** What is required **
Restate word for word the lines between the start of the material and the line with "Silver Mini Cooper", keeping both of those ends and none of the pictures.

** Information provided **
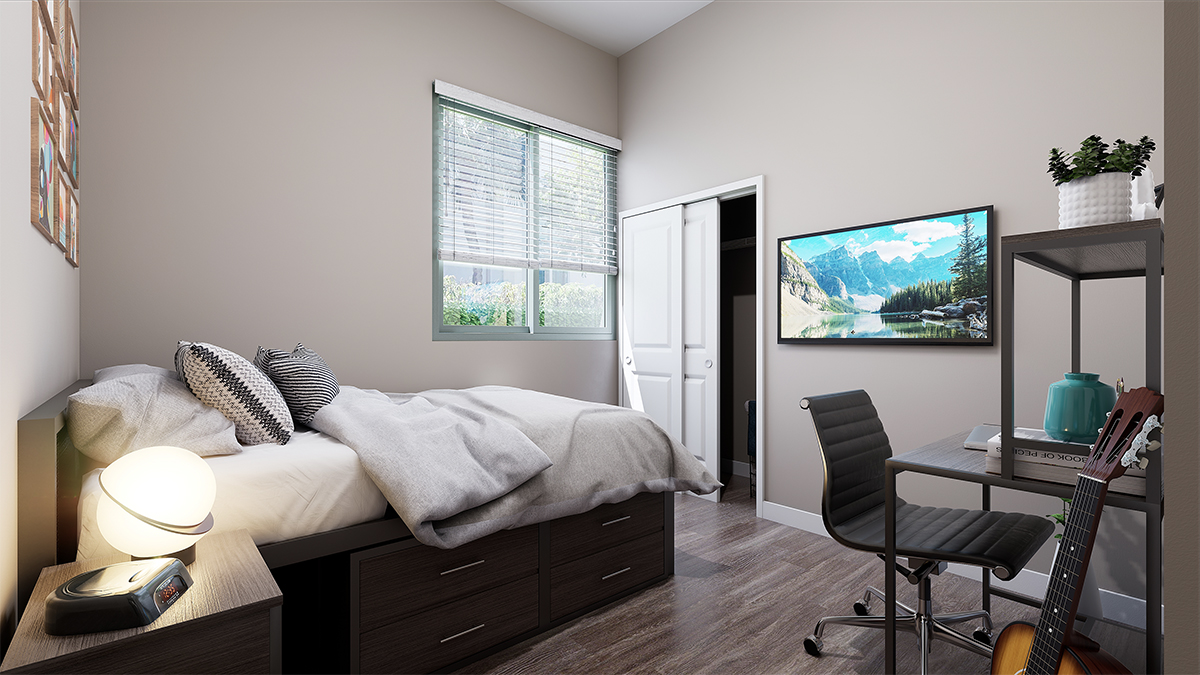 Furnished bedroom with a large window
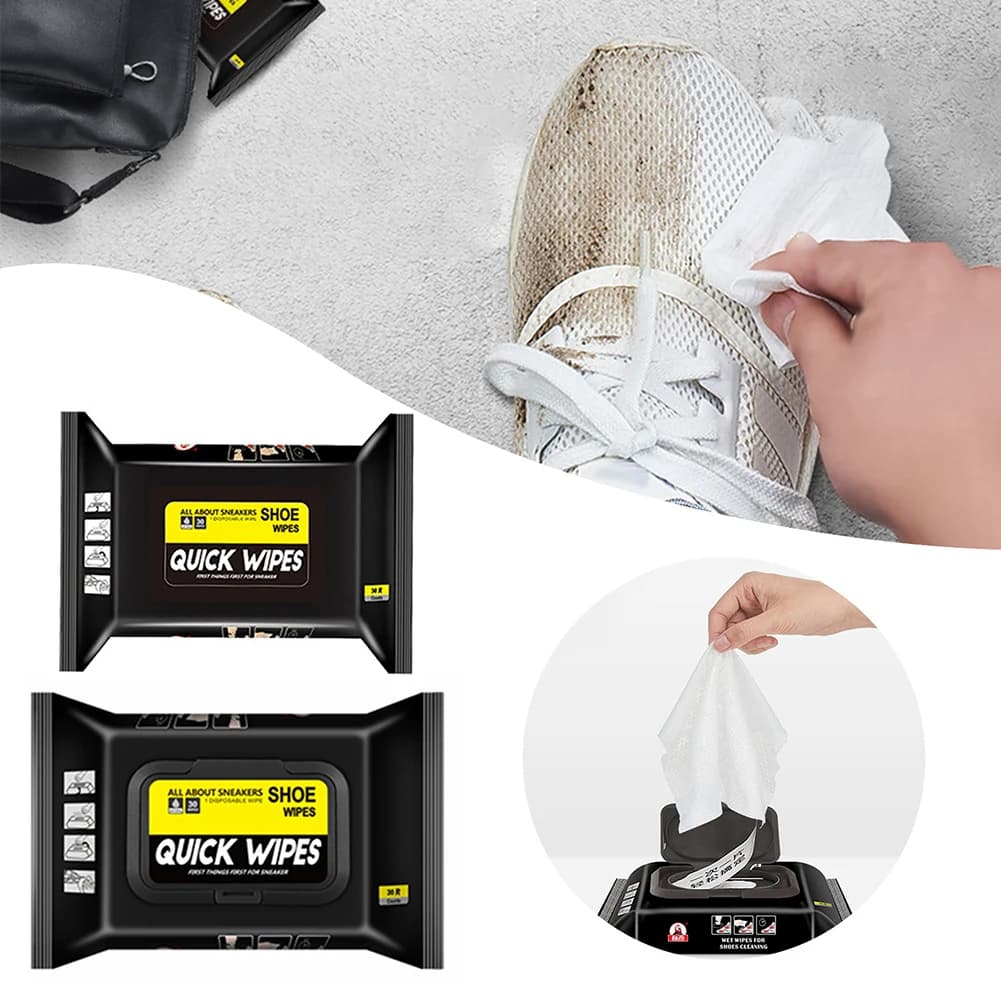 Lavare le scarpe senza strofinare Salviette umidificate Panno usa e getta efficace per rimuovere lo sporco Panno detergente portatile per scarpe da ginnastica in tela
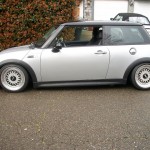 Silver Mini Cooper on Silver and Black 16" BBS RS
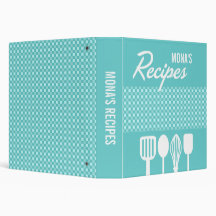 Gingham & Utensils Recipe 3 Ring Binder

** Written reply **
 Furnished bedroom with a large window
 Lavare le scarpe senza strofinare Salviette umidificate Panno usa e getta efficace per rimuovere lo sporco Panno detergente portatile per scarpe da ginnastica in tela
 Silver Mini Cooper on Silver and Black 16" BBS RS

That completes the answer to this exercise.